The other excuse, that going to confession could be pointless because regardless of my intentions ----I’m just going to sin again; that is the truth lurking beneath every chapter of Judges. No matter what God does for them, no matter how often God rescues them, the Israelites stumble into sin again and again.  They set up altars to false gods, they make alliances with pagan kings, they glorify themselves instead of God, celebrating their own power and cleverness and courage until something happens and they realize how helpless they are and once again cry out to God for mercy and help—for a savior.

 

They repent, they get saved, then—after a while—they fall back into their old ways, old habits, their sin.  For me, it is a quite familiar pattern, one I know all too well. And yes, there is some value in facing up to the truth of our story, patterns of behavior that seem to guide us through life—as if a kind of auto-pilot.  Yes, we should be honest about our habits and our weaknesses.  But we mustn’t let ourselves be discouraged. Though we stumble—again and again—we must never fall into despair. 

 

For me, going to confession, isn’t a quick-fix solution to a lifetime of bad habits and half-hearted struggles with sin; it is more like the forming of a new habit.  A habit that will—I hope—one day replace the old ones. A habit of contemplating my choices, my patterns of behavior not with judgment and finger waving, but with honesty and compassion.  Am I addicted to certain pleasures? Have I been self-centered or prideful? Mean-spirited or cold-hearted? How can I change those patterns? Well, the first thing I need to do, the first step in any twelve-step program, is admitting that I need help. And for me, that is what confession is—a chance to come before God and admit that I need help.  That the same sins of lust and avarice and envy and pride that I struggled with in college are still with me.  That fear of want still drives me to dreams of gluttony and greed... And those fears too often drive my every decision.  Bless me Father, for I have sinned... Hello, my name is Herman and I am a sinner...

 

One last word here: the other day, sitting in mass, I looked up for the first time and noticed that the pew we were in was right next to the sixth Station of the Cross: Jesus falls a second time.  Looking at that image, I realized something I had never noticed before: that He fell a second time.  Think of that:  Jesus on His way to the cross, stumbled and fell a second time.  That means He had already fallen once before.  And that He fell again.  And, He got back up again.  He took up His cross and continued on the way to Calvary.  And, I realized something else, that He would fall again. Tradition has it that Jesus fell three times on the way to His death.  Sitting there at the edge of the pew, looking up at that image, I had a kind of epiphany.  Jesus fell a second time. He had already fallen once before and He knew He would fall again.  But He still got back up, took up His cross and, even knowing how it would end, He kept going.

 

The next time you are thinking –what’s the point of going to confession?
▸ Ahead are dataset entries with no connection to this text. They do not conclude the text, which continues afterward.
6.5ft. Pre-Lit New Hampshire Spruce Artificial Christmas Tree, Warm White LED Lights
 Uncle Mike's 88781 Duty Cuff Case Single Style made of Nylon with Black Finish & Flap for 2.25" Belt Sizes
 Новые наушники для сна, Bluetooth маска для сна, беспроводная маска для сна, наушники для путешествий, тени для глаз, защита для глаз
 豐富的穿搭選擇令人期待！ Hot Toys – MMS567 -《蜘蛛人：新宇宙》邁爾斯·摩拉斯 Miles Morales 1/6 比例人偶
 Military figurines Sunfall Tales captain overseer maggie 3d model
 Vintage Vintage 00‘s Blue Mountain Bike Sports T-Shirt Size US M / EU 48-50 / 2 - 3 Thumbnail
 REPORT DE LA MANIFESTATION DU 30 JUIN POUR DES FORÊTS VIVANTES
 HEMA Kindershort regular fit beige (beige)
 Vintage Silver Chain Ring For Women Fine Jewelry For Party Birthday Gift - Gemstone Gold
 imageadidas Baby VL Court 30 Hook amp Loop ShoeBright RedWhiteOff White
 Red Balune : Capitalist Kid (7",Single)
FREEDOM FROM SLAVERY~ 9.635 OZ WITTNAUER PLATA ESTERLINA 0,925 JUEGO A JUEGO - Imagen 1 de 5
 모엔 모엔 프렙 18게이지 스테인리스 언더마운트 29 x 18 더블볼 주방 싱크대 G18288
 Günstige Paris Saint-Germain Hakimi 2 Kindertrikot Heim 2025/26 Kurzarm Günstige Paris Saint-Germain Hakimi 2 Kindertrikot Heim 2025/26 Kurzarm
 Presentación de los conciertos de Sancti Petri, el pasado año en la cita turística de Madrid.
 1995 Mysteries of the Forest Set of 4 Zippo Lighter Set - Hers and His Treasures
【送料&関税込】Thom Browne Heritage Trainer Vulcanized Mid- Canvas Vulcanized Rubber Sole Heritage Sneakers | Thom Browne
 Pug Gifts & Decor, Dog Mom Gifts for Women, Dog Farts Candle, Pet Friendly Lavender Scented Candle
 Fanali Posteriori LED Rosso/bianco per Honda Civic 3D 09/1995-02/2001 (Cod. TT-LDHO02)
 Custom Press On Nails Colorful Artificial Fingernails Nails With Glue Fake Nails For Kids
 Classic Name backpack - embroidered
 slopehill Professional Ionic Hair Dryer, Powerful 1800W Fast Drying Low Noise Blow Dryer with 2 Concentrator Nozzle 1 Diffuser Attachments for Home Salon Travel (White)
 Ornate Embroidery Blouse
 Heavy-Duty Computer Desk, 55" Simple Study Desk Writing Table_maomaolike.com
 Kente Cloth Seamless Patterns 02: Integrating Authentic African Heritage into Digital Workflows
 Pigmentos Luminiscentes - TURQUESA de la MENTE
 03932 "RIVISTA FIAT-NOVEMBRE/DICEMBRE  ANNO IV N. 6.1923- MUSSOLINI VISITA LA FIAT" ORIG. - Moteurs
I’m just going to make the same mistakes, I’m just going to fall again.  Think about that image of Christ, falling under the weight of our sin, a second time... Meditate on that image, and ask yourself if it isn’t time to get back up and try again. 

 

Because we do have a King, a King who took the form of a slave and died on a cross--for us.  Confession is a way of asking myself: What do my choices look like through His eyes?